For this, in case you hadn’t noticed, is a cabinet of absolute rambunctious poshos. Real whizzbanging members of the aristocracy. Absolute ruddy Etonians, fossicking great chumleys and chuffing great toffee-nosed rotters. They have been plopped out by a pin-striped conveyor belt that stretches back to King William IV. The very men who are loading students up with more debts than RBS and who have just introduced the biggest public spending cuts since 1918 are just about as press-my-tail-coat-and-call-me-m’lord upper class as a fox-lined top hat.
So, it comes as something of a surprise that during this age of austerity, when such bastions of public school, private income and aristocratic upbringings are pinching the working person’s purse, so many of us are glued to Downton Abbey. Julian Fellowes’ latest TV instalment in the Gosford Park, Servants and Upstairs, Downstairs mould is a cacophony of class injustice, yet over 7.6 million of us tuned in to the ITV debut and the series has already announced a second series. Shining silver, silent servants, disenfranchised women, colossal unearned incomes and an expendable working class; when it comes to Sunday night viewing, it seems the aristocracy still holds us in thrall.
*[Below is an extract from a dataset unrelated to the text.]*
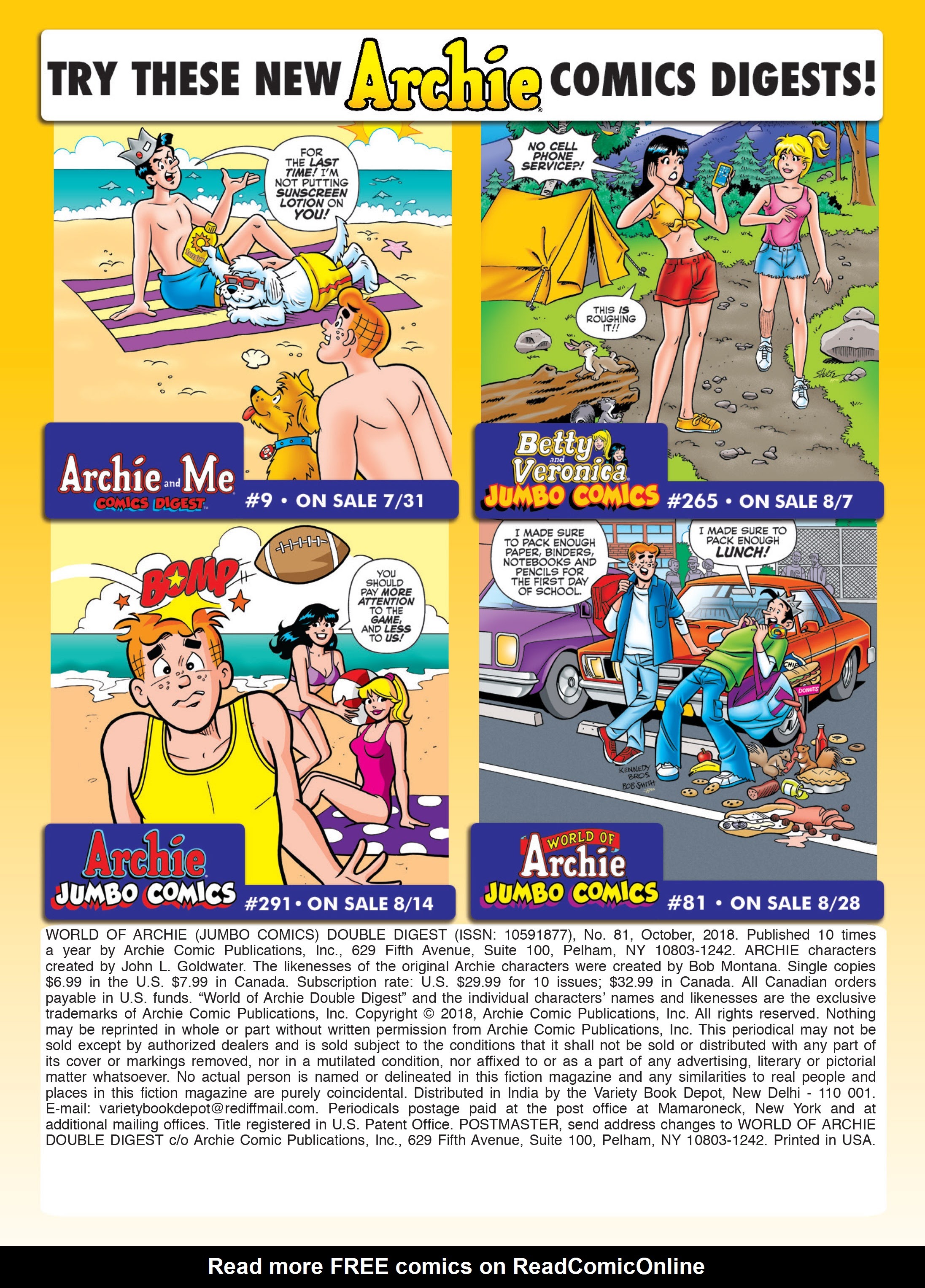 Read online World of Archie Double Digest comic -  Issue #81 - 185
This is not, however, a straight-to-ITV trend. From Ivy League-harping Vampire Weekend to stately home twonking Olly Murs to Albion trinketing Doherty, pop is dressing posher than a Fortnum & Mason hamper. Is it any wonder that Cameron-campaigning Gary Barlow chose to film the latest Take That video at Dorney Lake in Eton? Long gone are the days of leather chaps and homoerotic Mancunian jelly-rolling; with their short back-and-sides, Oxbridge rowing whites and modified sculling boat, the fab five look like extras in Brideshead Revisited, or Jerome K Jerome’s Edwardian romp Three Men in a Boat.
So, what does it say about the current cultural climate that in a time of recession, when so many of us have been told to tighten our belts, we have instead pulled on our Barbour jackets and Hunter wellies? That yet another Helena Bonham Carter period feature about the royal family proved a hit at the London Film Festival? That graphic designers choose to dress like Bertie Wooster?
We may blame super-rich city bankers and myopic moneyed politicians for the plight of the poor, but poshness, it seems, still reigns supreme.